Originally Posted by
SSkilly
Projectile collision is fine as is, I'm highly doubtful that porting it to work on the GPU would improve anything, would probably make things slower, simple distance checks are very fast calculations.
gpus are extremely fast on simple calculations, which is what collision is. a simple compute shader would greatly increase speed, granted that you batch upload easily usable data (hitboxes, positions, entity types) and do sanity checks on the end result, instead of each entity that's being looped.
it's not the distance checks that are the issue, it's the fact that projectiles are collisions are checked every update which then loops through the visible entity lists, performing checks on them. multiplying that by 250 (50*5, 50 projectiles, 5 tps (prod and many pservers), typical for a mbc fight with ally projs off) means that you have to have a 0.0668ms gethit (not counting the rest of the thread, the actual number is likely much lower due to c3d/r3d taking up a big chunk of cpu) if you want to keep 60 fps. that being said, this is mostly an issue for old pcs to compute or if you wish to push fps into the high 200s on newer pcs.

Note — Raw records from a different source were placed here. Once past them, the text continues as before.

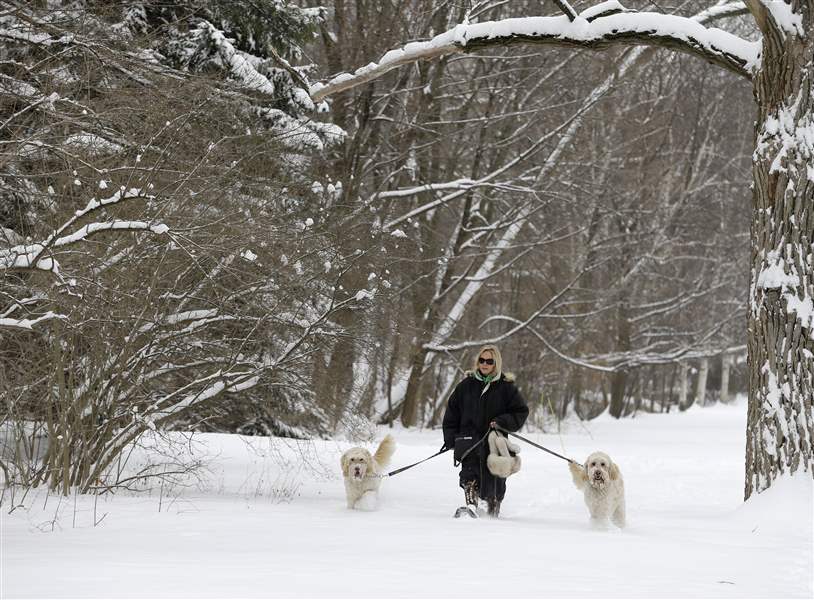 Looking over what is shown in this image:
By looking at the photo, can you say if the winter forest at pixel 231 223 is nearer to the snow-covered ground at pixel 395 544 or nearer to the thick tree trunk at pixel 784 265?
the thick tree trunk at pixel 784 265

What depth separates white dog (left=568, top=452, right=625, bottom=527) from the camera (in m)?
8.45

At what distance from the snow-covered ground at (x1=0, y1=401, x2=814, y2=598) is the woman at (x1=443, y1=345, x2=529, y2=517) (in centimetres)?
49

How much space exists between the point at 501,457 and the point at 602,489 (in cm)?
115

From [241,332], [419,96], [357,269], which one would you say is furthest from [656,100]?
[241,332]

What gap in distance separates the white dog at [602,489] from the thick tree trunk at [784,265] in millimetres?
1404

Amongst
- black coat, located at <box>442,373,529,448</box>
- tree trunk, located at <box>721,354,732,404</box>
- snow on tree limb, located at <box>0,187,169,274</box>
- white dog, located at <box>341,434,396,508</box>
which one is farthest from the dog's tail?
tree trunk, located at <box>721,354,732,404</box>

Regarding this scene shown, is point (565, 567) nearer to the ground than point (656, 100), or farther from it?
nearer to the ground

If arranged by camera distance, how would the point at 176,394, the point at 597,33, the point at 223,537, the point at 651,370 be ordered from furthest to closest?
the point at 651,370 → the point at 176,394 → the point at 597,33 → the point at 223,537

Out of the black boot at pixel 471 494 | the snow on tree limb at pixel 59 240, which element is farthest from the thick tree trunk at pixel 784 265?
the snow on tree limb at pixel 59 240

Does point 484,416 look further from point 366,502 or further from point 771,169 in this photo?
point 771,169

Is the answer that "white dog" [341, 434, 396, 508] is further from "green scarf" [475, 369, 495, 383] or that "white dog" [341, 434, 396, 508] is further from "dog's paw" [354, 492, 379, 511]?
"green scarf" [475, 369, 495, 383]

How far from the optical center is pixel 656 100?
82.5 feet

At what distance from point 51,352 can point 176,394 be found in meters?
1.32

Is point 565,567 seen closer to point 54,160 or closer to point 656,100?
point 54,160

multithreading with workers might be an alternative solution, haven't tried as it looks pretty scuffed. (having to compile separate .swfs and run them in bg)
mentioned optimization ideas both as you said you were working on it past release and also for other people, as people who would go out of the convenience of just using an 'easier' source for fps might also welcome them. also mentioned that going too hard on optimization in flash might not be a bright idea, as at that point you could just port over to unity with nearly the same effort for more fps, tools, support.